Scope of the self-defense/nonaggression myth and its relationship to other core myths
The self-defense/nonaggression myth is different in scope from the self-sacrifice and benevolence myths. Unlike
them, it is violable in patriotic messages:
it is possible to say that the US government has acted
without an attack or threat of attack upon America or Americans, but only if the US
government is said to be acting to help the population of another country. In other words,
the only case where the self-defense/nonaggression myth can be violated is a case where the benevolence myth is applied. Defense is thus a "puller" myth: its pull is not irresistible in patriotic
texts, but it does frequently exhibit a strong force anyway.
The self-defense/nonaggression myth and the changes to history
The US government's behaviors violate the self-defense/nonaggression myth. To conform to it,
US acts that are contrary to the myth are often
portrayed as defensive, as if the US or US troops were victims of violence or
threat of violence. Sometimes opaque factual changes perform the task, with threats
created, events removed, the order of events reversed, or entire cases omitted from the
commonly told story of a land or situation. At other times a transparent change of principle
is made, despite the necessity for radical deformation of ordinary thinking.
For example, a conquest can be presented as an act of defense against the resistance to itself.
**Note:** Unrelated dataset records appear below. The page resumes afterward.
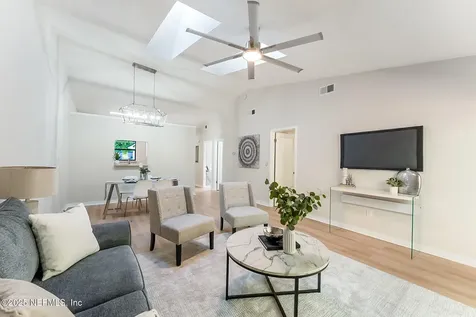 2438 White Horse Road W Jacksonville FL 32246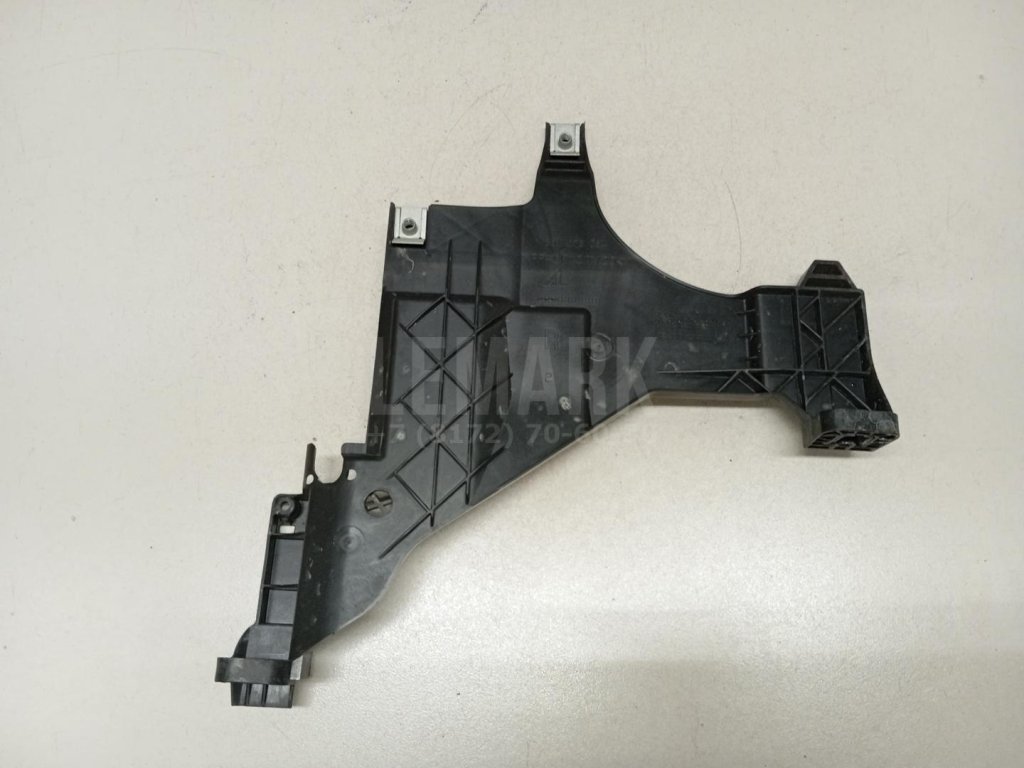 Кронштейн фар правый для  Audi A4 [B7] 2005-2007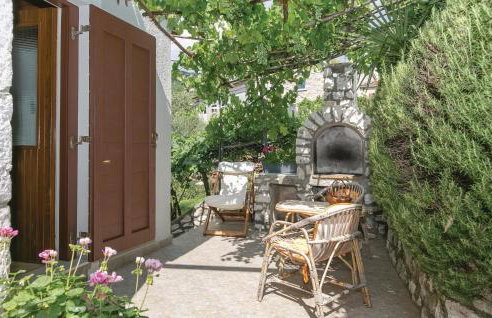 1 Bedroom Pet Friendly Home In Zagorje - Foto 3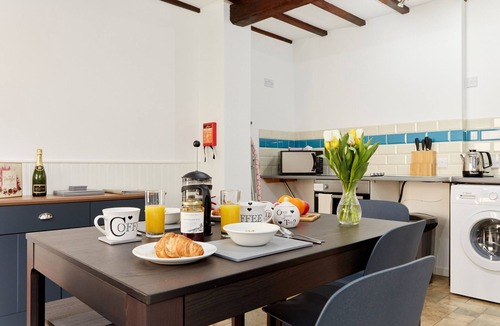 Dalbury Lees Cottage | The Pig Barn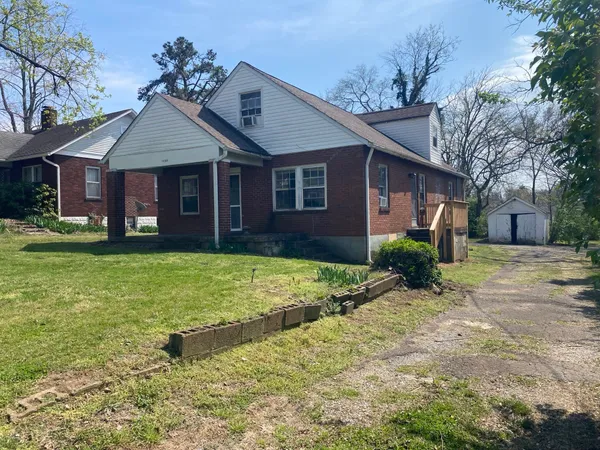 $1,795 | 1606 E Sharpe Avenue, Nashville, TN 37206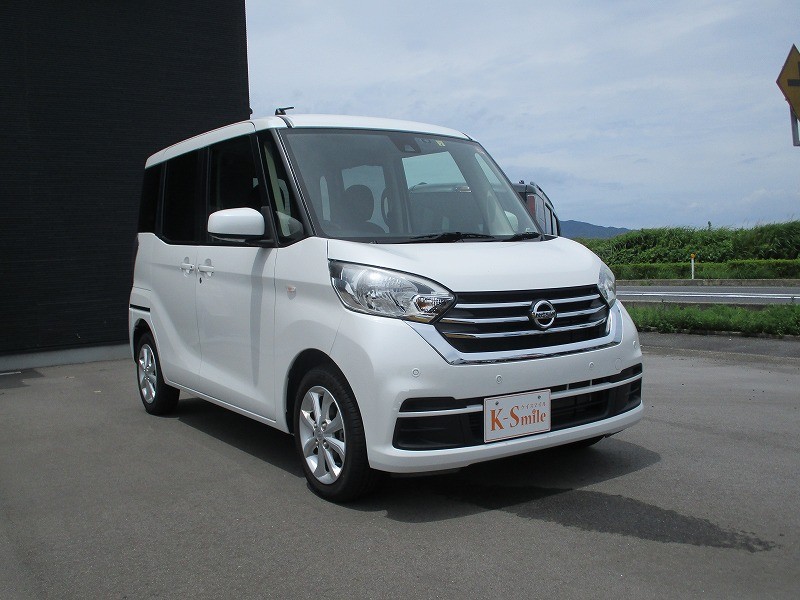 ニッサン デイズルークス 2枚目
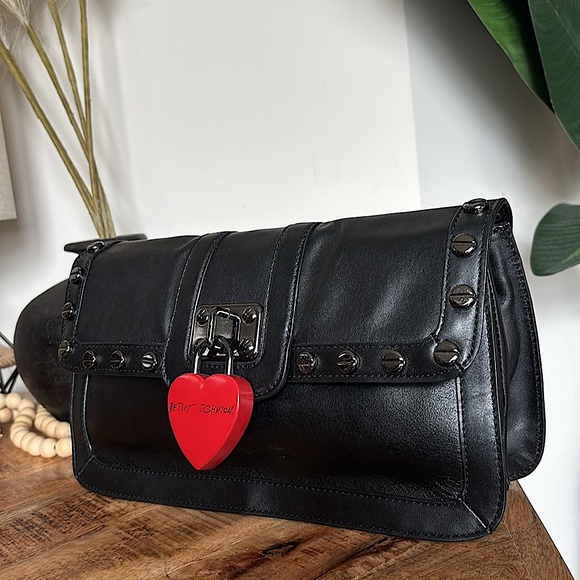 🔒❤️VTG NWOT BETSEY JOHNSON Leather Heart Lock Clutch❤️🔒 - Picture 12 of 15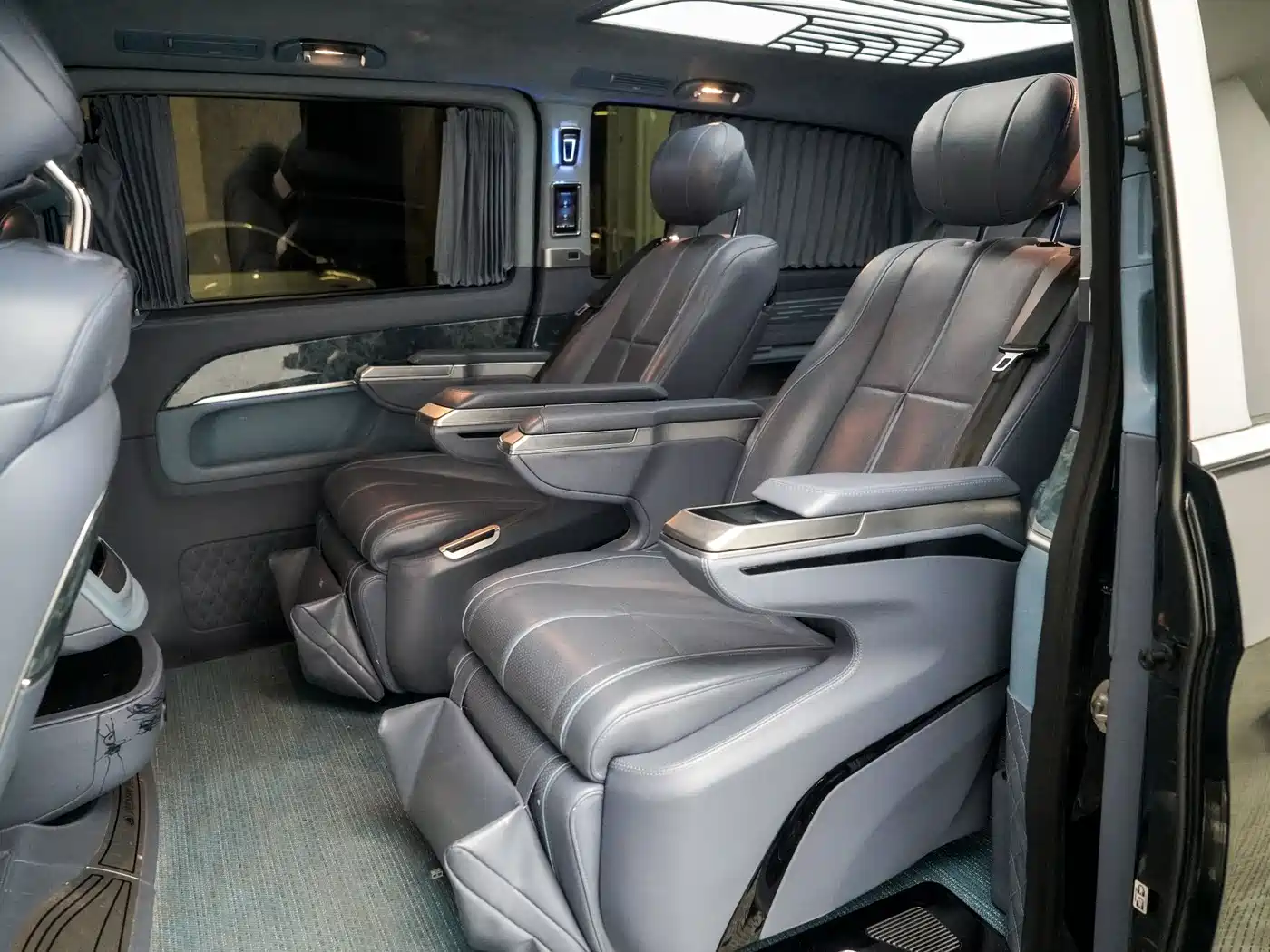 Mercedes-Benz V-Class 2022 V 260 L Long Wheelbase Prestige Edition фото 12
One country is not trying to attack anyone; its people are staying in their own home and making
no attempt to attack or take anyone else's lands. They are conquered. The conqueror breaks
violently into their homes. If those people
resist the conquest of their country, then the conqueror's troops are
portrayed as victims.
This reversal can be applied to conquests by the US or by US follower states,
but would be regarded as laughable
if applied to conquests by anyone else.
Despite the fact that it can be violated at times, the self-defense/nonaggression myth is powerful because it
turns aggressors into victims, and thus reverses the self-dampening effect of aggression.
Normally, if a country acts aggressively, this creates opinion against it that makes it more
difficult to engage in further aggression. But because of the self-defense/nonaggression myth, US aggression
can have the opposite effect on its own future aggressions, making further aggressions
easier to create public support for. For example, one of the reasons for American popular support for US troops as they captured, injured and killed so many people in the Middle East and Europe in the 1990s and 2000s was the fact that they had captured, injured, and killed so many people in Southeast Asia in the 1960s and 1970s.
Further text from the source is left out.